[Opening SOURCE DATA section]

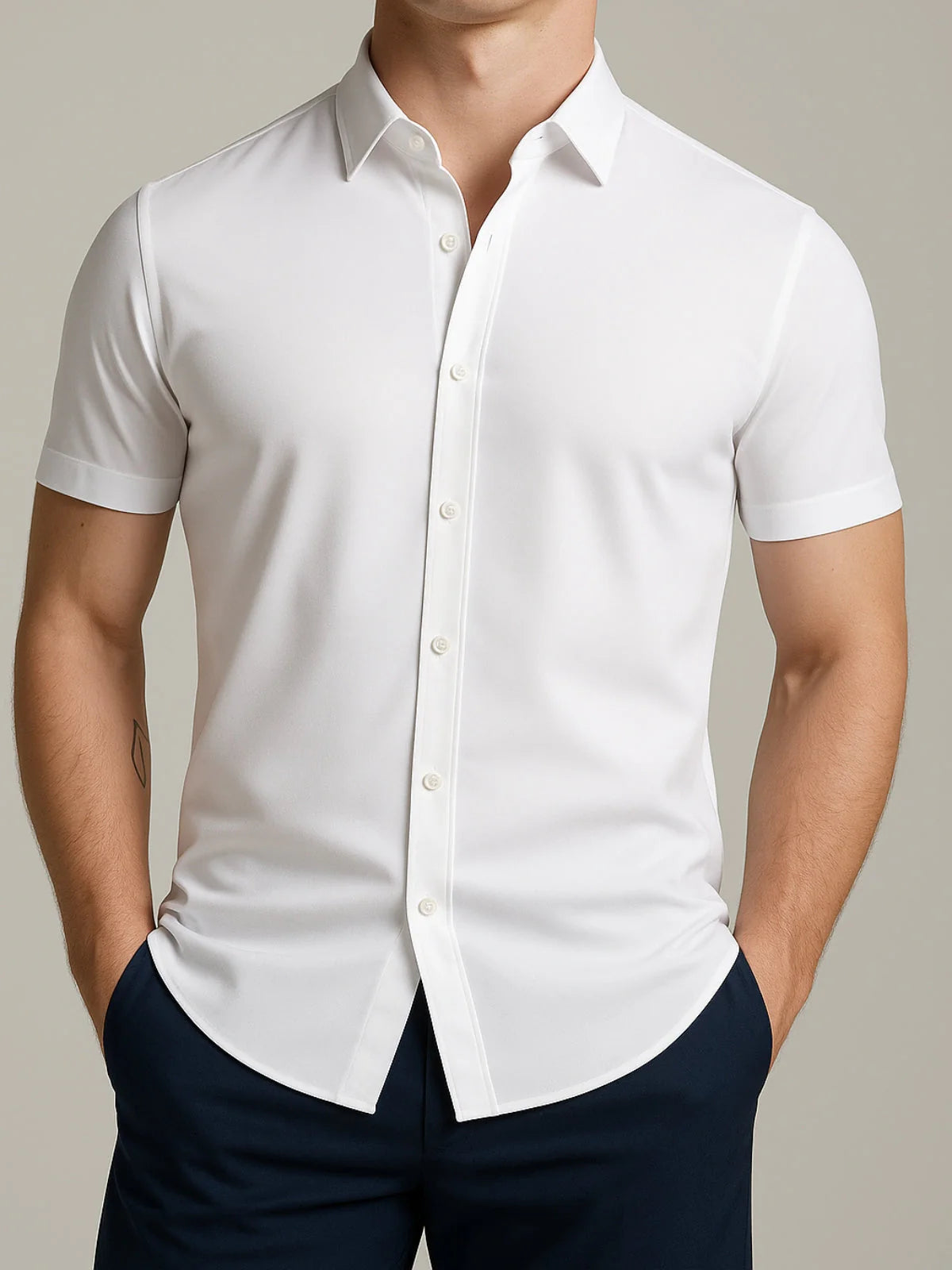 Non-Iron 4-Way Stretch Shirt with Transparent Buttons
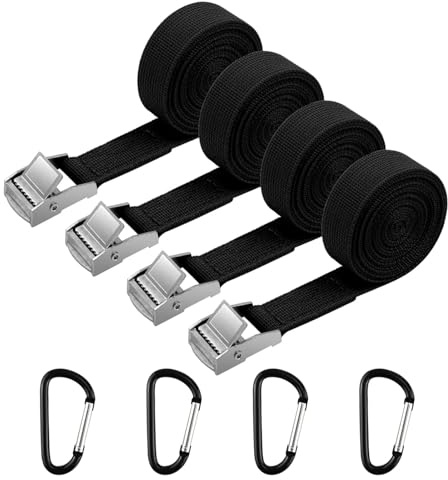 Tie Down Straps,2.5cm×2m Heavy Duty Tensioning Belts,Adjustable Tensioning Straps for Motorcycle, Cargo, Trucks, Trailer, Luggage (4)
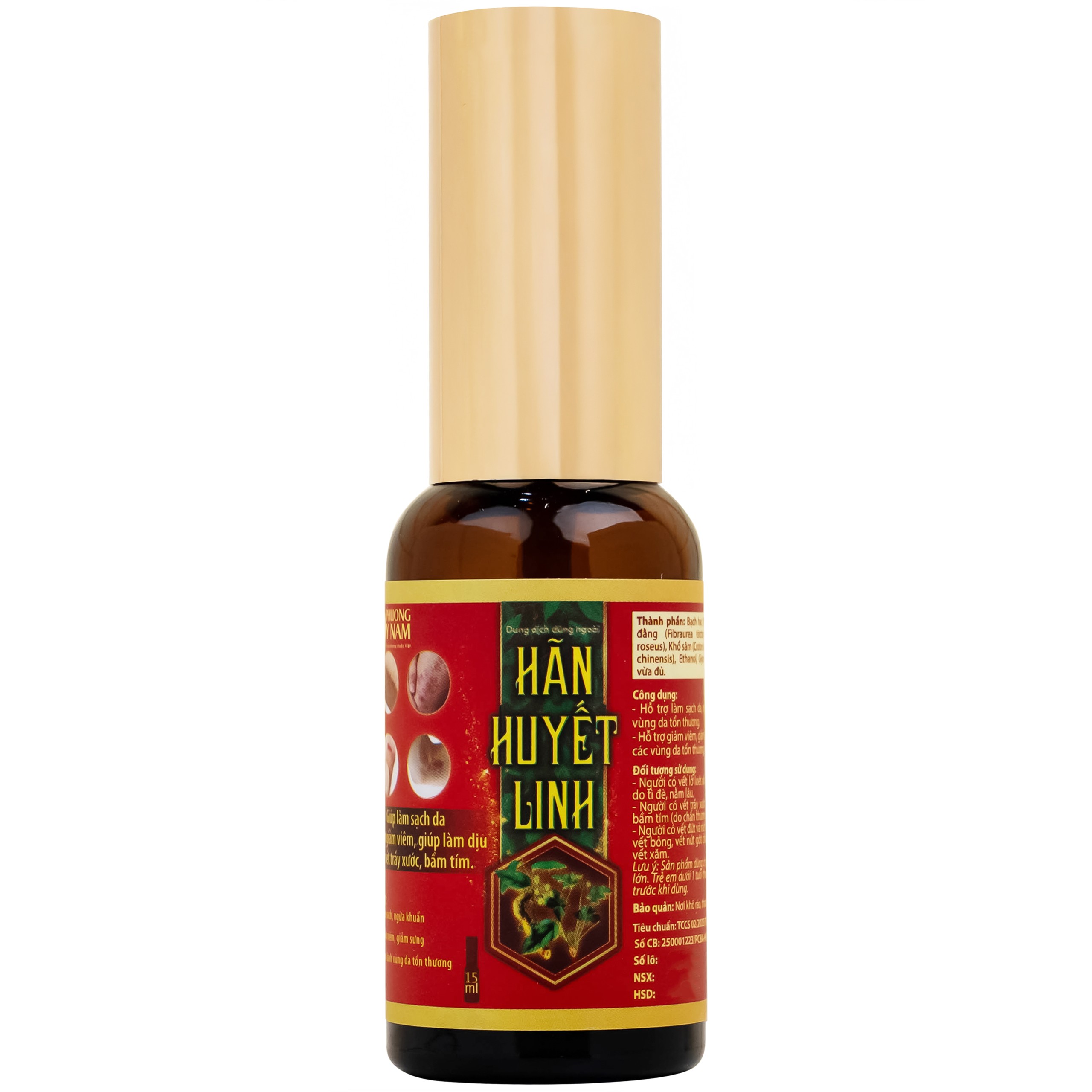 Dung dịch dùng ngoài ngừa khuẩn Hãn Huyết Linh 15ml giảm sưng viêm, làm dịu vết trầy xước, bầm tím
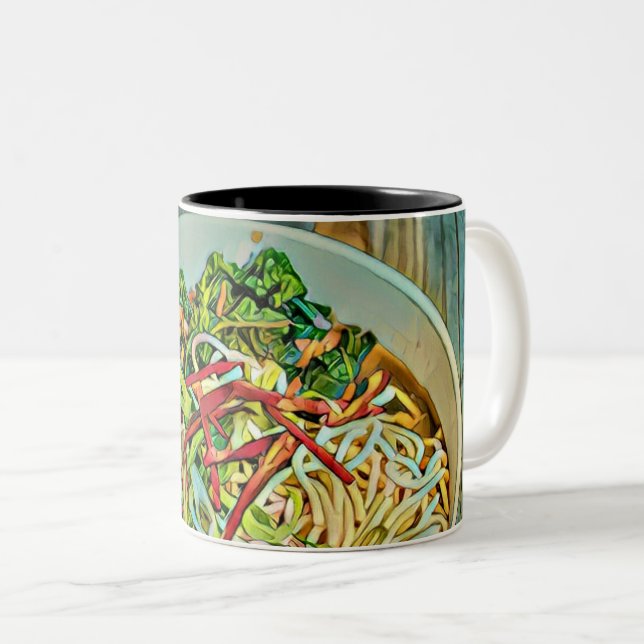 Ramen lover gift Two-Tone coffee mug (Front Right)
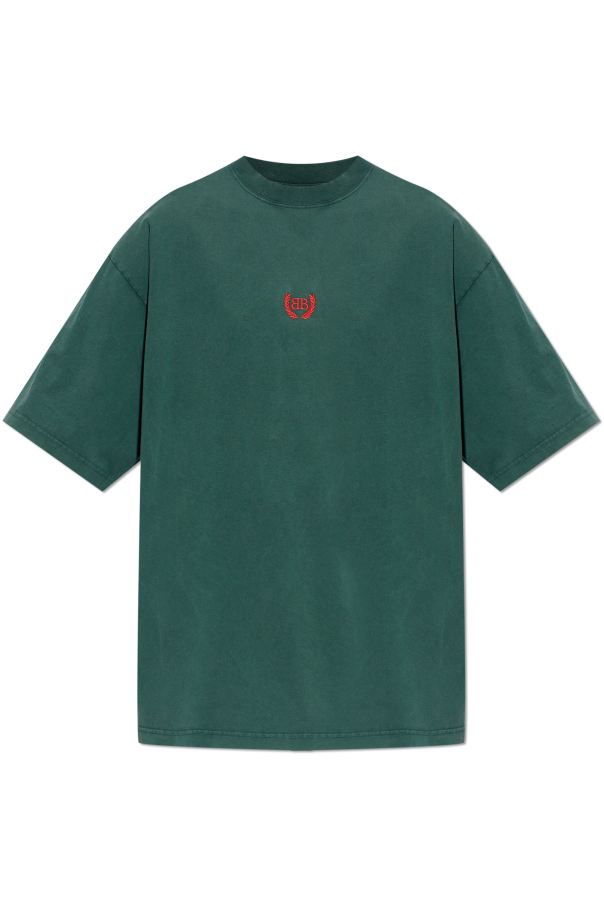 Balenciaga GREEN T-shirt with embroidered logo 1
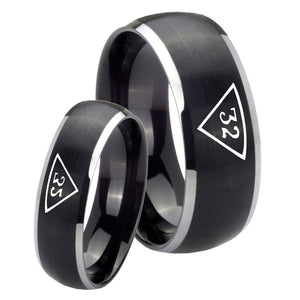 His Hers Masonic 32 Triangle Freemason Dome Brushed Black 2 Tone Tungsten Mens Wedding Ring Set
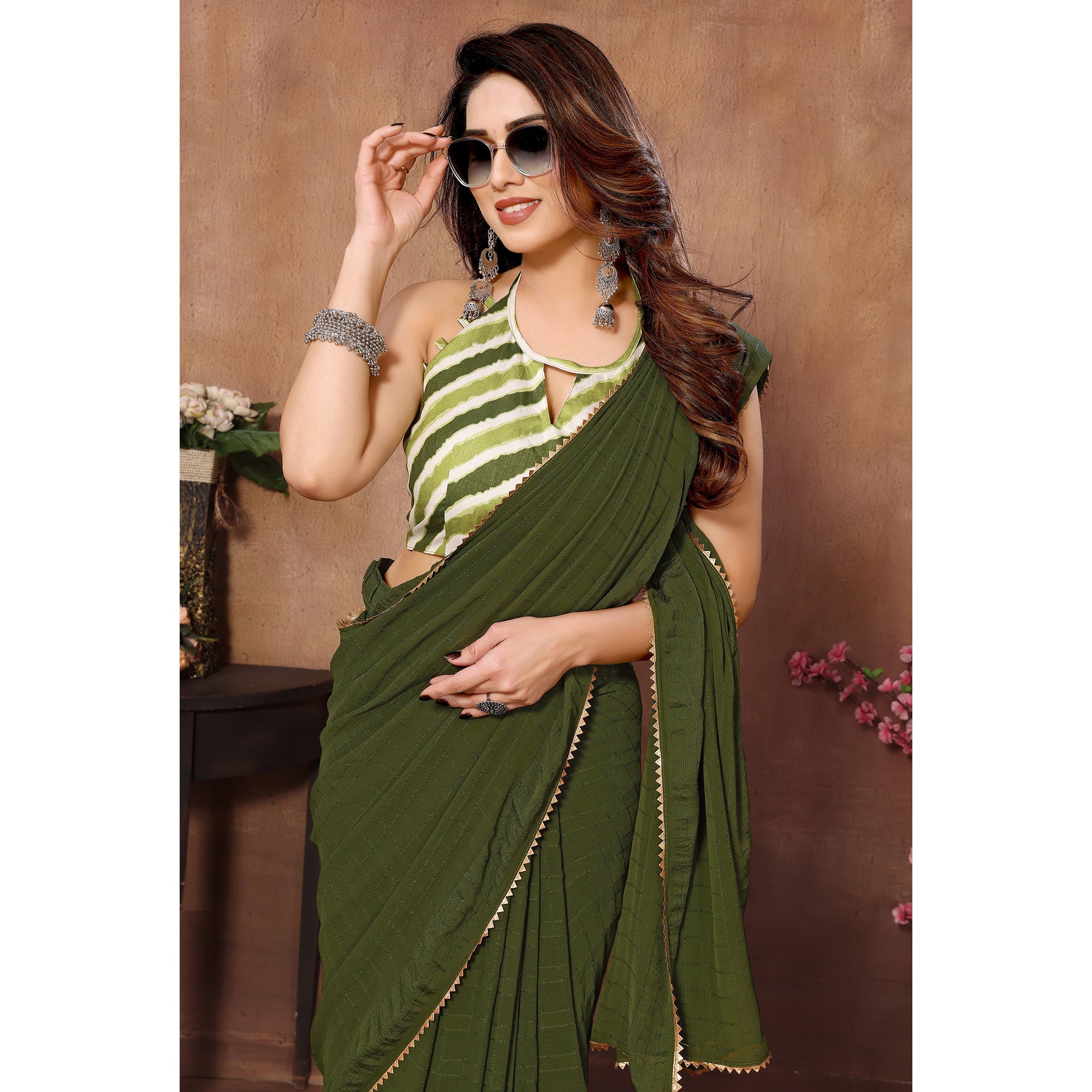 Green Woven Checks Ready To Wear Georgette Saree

[Closing SOURCE DATA section]

**WORK REQUEST**.
Once you reach the line containing "Tie Down Straps,2.5cm×2m", print it and every line after it exactly, through the end of the entries, without any pictures.

**RESPONSE TO THIS TASK**.
 Tie Down Straps,2.5cm×2m Heavy Duty Tensioning Belts,Adjustable Tensioning Straps for Motorcycle, Cargo, Trucks, Trailer, Luggage (4)
 Dung dịch dùng ngoài ngừa khuẩn Hãn Huyết Linh 15ml giảm sưng viêm, làm dịu vết trầy xước, bầm tím
 Ramen lover gift Two-Tone coffee mug (Front Right)
 Balenciaga GREEN T-shirt with embroidered logo 1
 His Hers Masonic 32 Triangle Freemason Dome Brushed Black 2 Tone Tungsten Mens Wedding Ring Set
 Green Woven Checks Ready To Wear Georgette Saree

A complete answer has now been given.